ASSIGNED TASK: Return every line below exactly, without dropping any.

ENTRIES PROVIDED:
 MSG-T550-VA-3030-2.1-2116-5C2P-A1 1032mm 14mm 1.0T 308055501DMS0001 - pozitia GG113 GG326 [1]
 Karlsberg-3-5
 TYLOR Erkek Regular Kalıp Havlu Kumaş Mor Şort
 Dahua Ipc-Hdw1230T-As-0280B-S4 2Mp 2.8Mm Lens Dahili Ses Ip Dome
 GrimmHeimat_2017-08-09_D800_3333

RESPONSE FOR THIS EXERCISE:
 MSG-T550-VA-3030-2.1-2116-5C2P-A1 1032mm 14mm 1.0T 308055501DMS0001 - pozitia GG113 GG326 [1]
 Karlsberg-3-5
 TYLOR Erkek Regular Kalıp Havlu Kumaş Mor Şort
 Dahua Ipc-Hdw1230T-As-0280B-S4 2Mp 2.8Mm Lens Dahili Ses Ip Dome
 GrimmHeimat_2017-08-09_D800_3333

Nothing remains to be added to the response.